Es legítimo ahora preguntar si HidroAysén va a discurrir por estos mismos carriles. La pregunta es válida, porque no tiene mucho sentido tomar el camino largo -el de los informes y los reparos, el de las propuestas y contrapropuestas, el de las comisiones y los consejos interministeriales- si en una de esas el gobierno prefiere hacerla corta. Sobre todo ahora, cuando los teléfonos nunca faltan.
El único consuelo que deja el episodio es que la actual normativa ambiental está muriendo y que pronto vendrá otra, que ya fue concebida, estudiada y aprobada durante el gobierno de la Presidenta Bachelet y que contempla un Ministerio del Medio Ambiente con todas las de la ley.

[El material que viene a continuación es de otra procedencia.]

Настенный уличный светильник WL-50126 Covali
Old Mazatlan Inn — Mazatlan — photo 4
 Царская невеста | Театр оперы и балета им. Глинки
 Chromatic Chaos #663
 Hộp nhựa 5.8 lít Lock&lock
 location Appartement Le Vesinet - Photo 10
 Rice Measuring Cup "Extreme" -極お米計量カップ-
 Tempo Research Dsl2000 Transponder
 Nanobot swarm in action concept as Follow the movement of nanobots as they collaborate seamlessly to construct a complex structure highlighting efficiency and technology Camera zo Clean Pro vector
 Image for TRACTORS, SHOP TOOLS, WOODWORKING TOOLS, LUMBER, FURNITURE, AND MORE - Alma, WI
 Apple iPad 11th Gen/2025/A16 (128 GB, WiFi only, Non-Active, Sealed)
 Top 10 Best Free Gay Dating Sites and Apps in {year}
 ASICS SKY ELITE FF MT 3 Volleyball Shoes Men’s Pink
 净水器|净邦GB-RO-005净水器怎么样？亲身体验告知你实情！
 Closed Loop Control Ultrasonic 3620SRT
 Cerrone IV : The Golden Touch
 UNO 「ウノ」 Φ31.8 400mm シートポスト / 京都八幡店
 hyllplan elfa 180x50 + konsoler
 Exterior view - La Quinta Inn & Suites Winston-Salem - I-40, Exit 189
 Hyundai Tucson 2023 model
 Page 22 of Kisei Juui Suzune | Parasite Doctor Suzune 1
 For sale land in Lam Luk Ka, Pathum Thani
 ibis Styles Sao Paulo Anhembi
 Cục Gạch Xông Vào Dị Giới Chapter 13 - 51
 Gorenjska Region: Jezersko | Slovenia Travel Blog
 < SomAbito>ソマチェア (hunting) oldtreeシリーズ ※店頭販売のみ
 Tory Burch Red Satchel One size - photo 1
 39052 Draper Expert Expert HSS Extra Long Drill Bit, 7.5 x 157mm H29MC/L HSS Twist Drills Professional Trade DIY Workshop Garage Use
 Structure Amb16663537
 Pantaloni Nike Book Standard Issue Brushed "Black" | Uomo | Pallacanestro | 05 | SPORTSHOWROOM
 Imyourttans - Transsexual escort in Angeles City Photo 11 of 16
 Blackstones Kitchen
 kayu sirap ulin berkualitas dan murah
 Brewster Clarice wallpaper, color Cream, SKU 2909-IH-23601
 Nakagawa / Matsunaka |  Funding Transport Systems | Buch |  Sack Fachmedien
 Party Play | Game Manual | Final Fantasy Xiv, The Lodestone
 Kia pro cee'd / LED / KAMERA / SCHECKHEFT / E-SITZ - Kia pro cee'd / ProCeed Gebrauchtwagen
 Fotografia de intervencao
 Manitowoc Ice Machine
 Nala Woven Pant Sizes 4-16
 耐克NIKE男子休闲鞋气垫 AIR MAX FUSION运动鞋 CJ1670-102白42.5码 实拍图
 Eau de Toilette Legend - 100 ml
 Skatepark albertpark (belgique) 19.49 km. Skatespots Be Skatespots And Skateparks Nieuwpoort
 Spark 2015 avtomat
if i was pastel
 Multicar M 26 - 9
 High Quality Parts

Va a ser un asunto crucial y muy delicado montar esta nueva repartición sobre bases indiscutidas y con la gente idónea. Por supuesto que va a ser complicado hacer borrón y cuenta nueva. Lo más probable es que el Presidente tenga que encargar esta secretaría de Estado a alguien que, aparte de inspirar respeto por su competencia técnica y por la firmeza de su carácter, haya rendido pruebas concluyentes de autonomía en el tema y esté, por así decirlo, más allá del bien y el mal. También va a ser necesario transparentar mejor los procedimientos e instancias de participación. Y elevar el rigor técnico de las decisiones. Mientras menos espacio quede en este terreno para las corazonadas, las impresiones y las presiones, mejor. Si no se hace así, los problemas van a persistir. Y con razón o sin razón, la gente, el grueso de la gente, más temprano que tarde terminará creyendo que el ministerio bailará al arbitrio de quien ponga la música y pague las pílsener.
El país está frente a un problema. Necesitamos energía. No hemos sido capaz de definir ni consensuar una política de largo plazo sobre la materia. Andamos apagando incendios y reaccionando a salto de matas al día a día. Como si fuera poco, también sentimos que nos están pasando por el aro. ¿Cómo salir de este embrollo?